The answer should hold only the lines from the beginning of the material through the one with "Russia-Ukraine War: A", reproduced exactly and without pictures.
-- Input material follows --
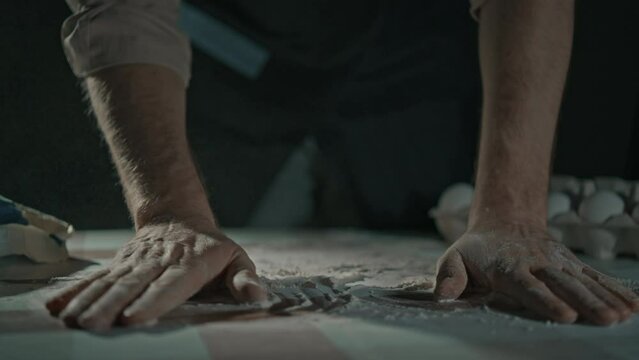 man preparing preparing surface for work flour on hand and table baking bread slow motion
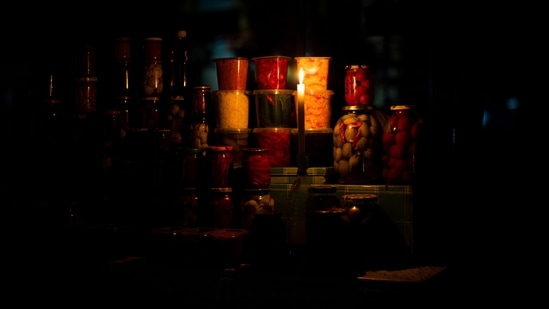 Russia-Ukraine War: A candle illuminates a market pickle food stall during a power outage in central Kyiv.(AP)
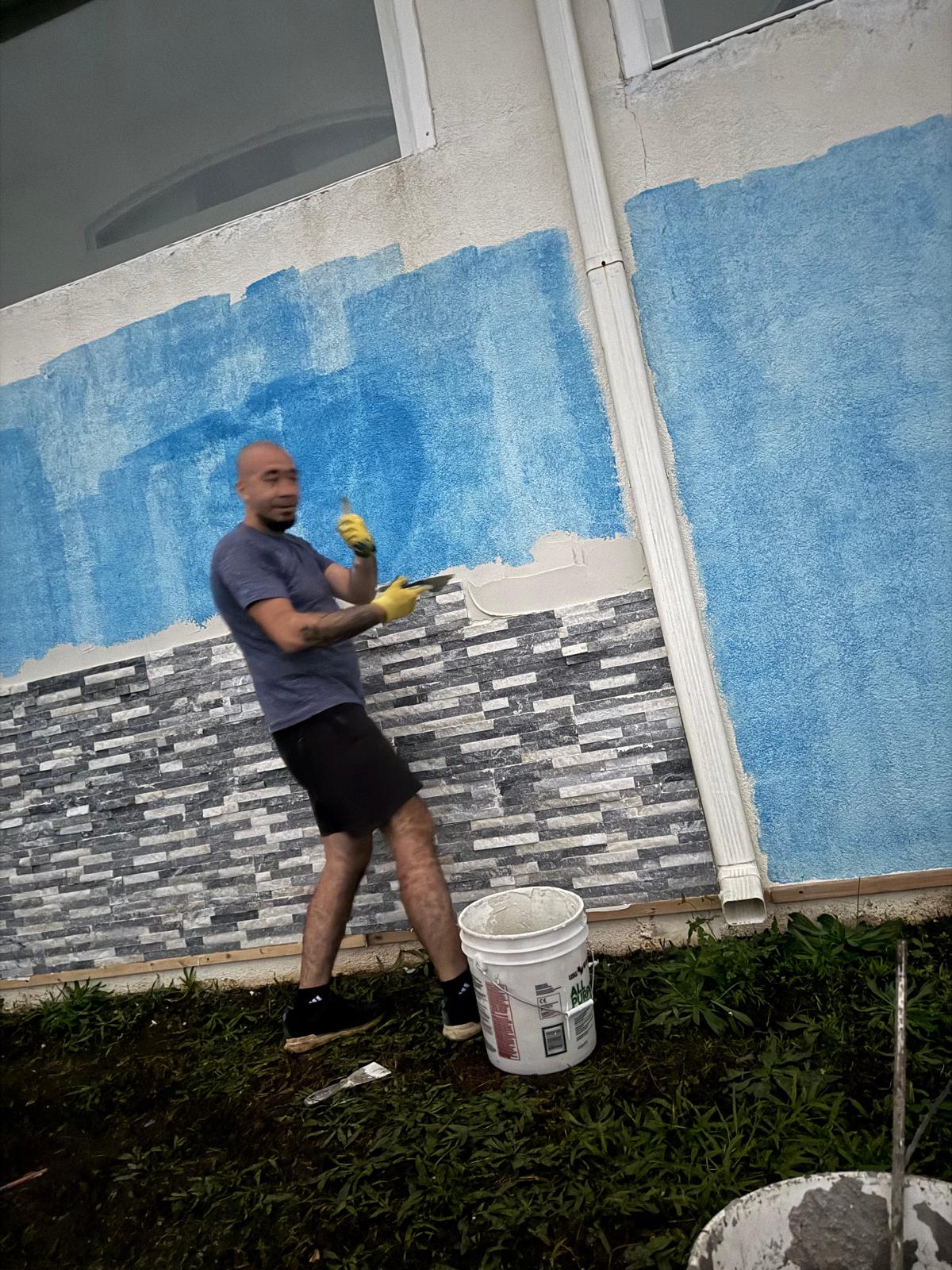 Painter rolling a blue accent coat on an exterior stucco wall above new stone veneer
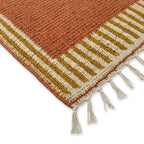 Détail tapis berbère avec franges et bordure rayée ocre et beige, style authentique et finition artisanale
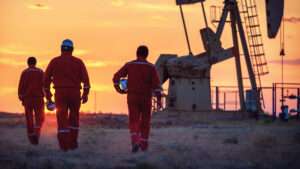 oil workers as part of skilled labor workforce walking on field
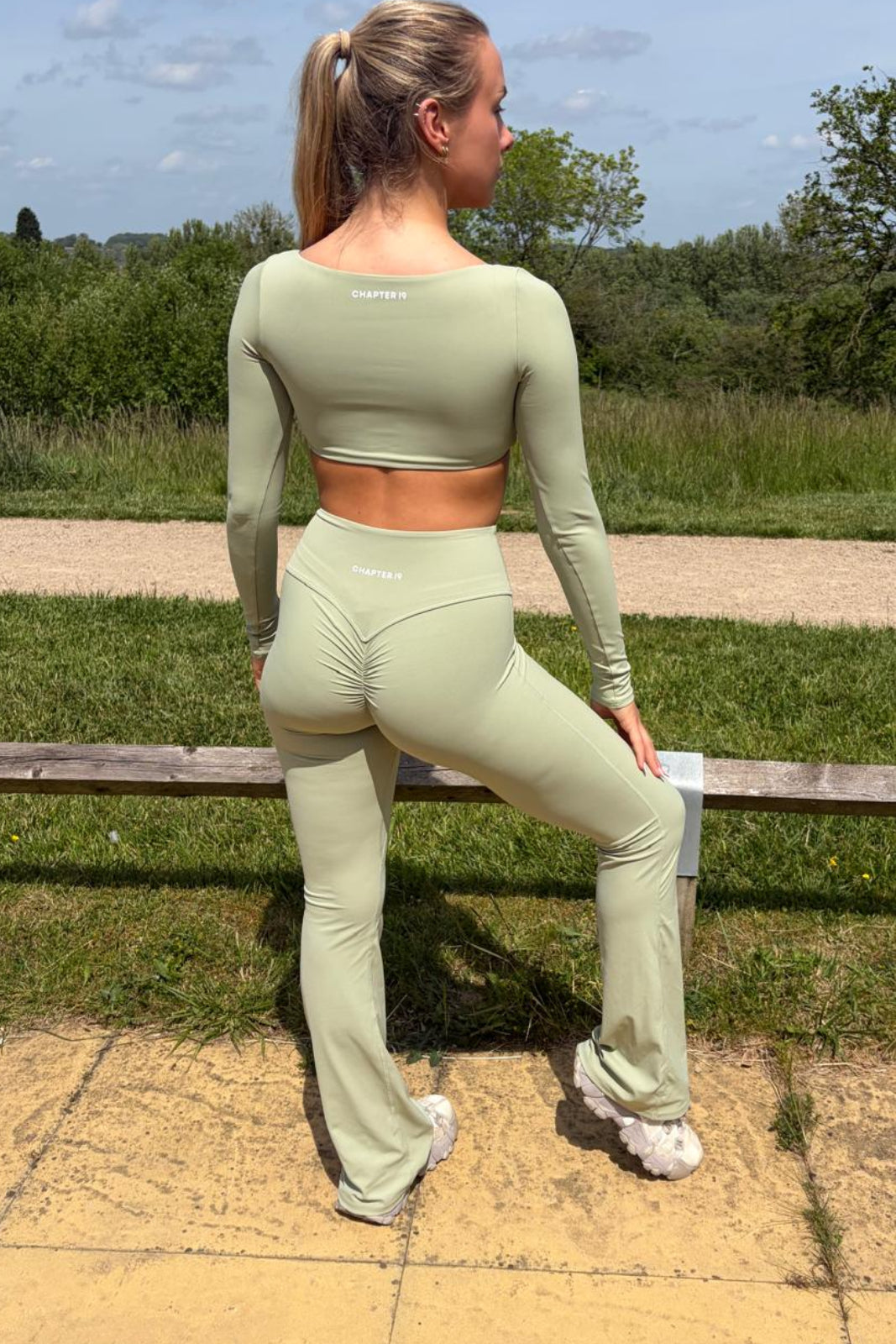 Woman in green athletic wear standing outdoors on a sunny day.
-- Input material concluded --
## Completed exercise
 man preparing preparing surface for work flour on hand and table baking bread slow motion
 Russia-Ukraine War: A candle illuminates a market pickle food stall during a power outage in central Kyiv.(AP)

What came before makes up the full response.